◆ DATA SUPPLIED ◆
*****
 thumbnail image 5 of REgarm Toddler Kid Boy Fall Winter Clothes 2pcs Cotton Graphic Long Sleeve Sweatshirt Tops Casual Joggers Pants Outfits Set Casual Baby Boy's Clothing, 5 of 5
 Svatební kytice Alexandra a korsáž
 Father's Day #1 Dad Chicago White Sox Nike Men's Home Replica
*****
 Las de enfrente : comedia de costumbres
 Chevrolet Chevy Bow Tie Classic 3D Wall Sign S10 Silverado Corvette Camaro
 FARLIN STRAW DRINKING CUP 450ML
*****
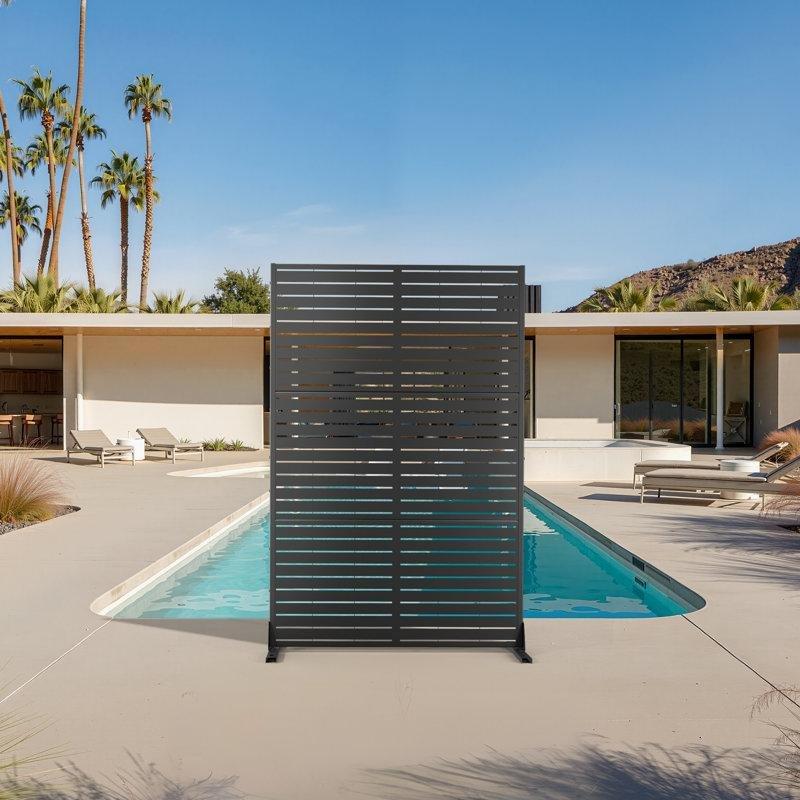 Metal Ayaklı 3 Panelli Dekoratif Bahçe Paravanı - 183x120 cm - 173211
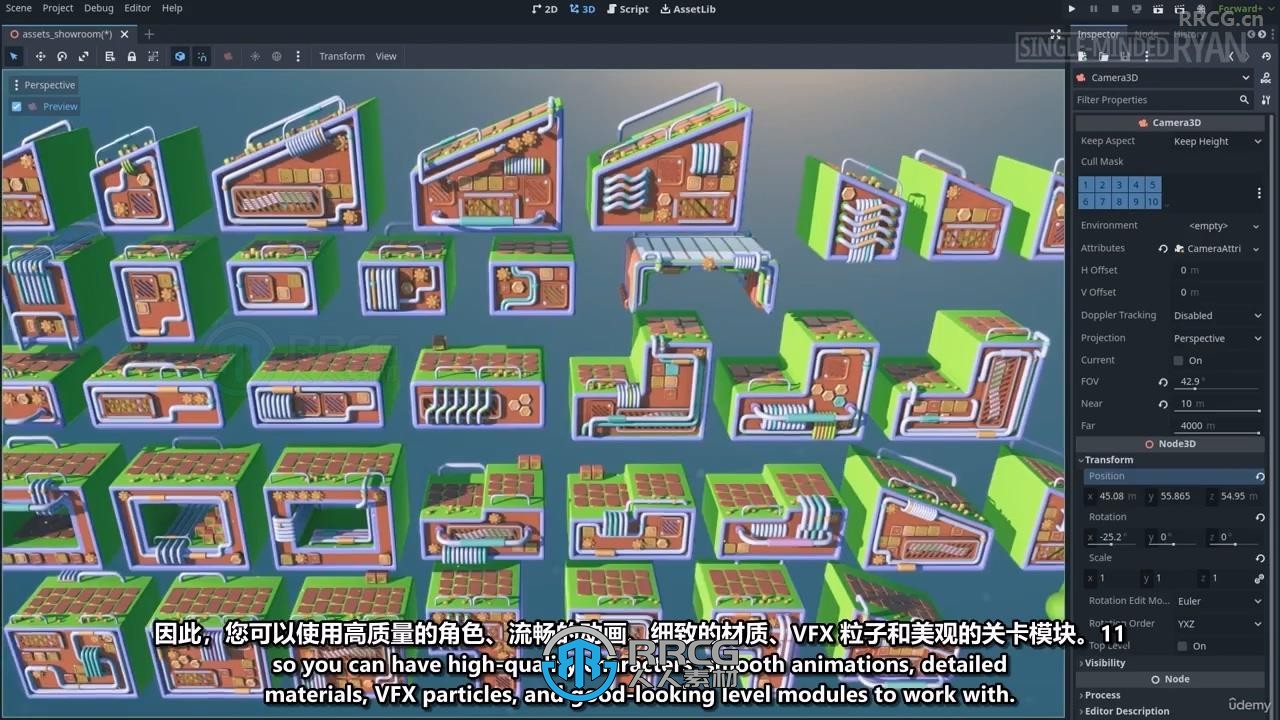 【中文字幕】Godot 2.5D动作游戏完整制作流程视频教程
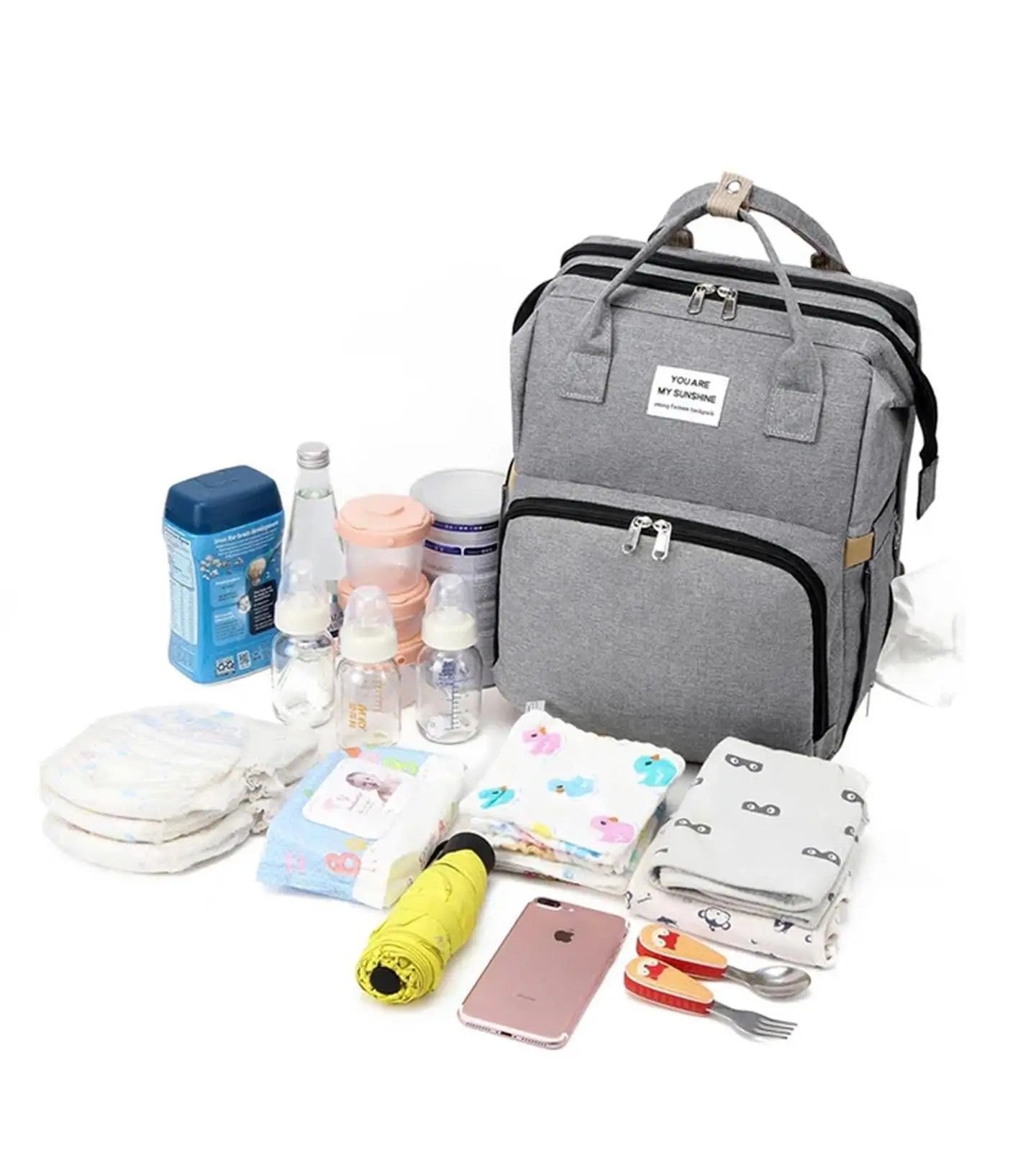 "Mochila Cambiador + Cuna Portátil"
*****
◆ TRY IT ◆
Output the lines above exactly, but only those between the line holding "thumbnail image 5" and the line holding "Father's Day #1", inclusive.

◆ TASK RESPONSE ◆
 thumbnail image 5 of REgarm Toddler Kid Boy Fall Winter Clothes 2pcs Cotton Graphic Long Sleeve Sweatshirt Tops Casual Joggers Pants Outfits Set Casual Baby Boy's Clothing, 5 of 5
 Svatební kytice Alexandra a korsáž
 Father's Day #1 Dad Chicago White Sox Nike Men's Home Replica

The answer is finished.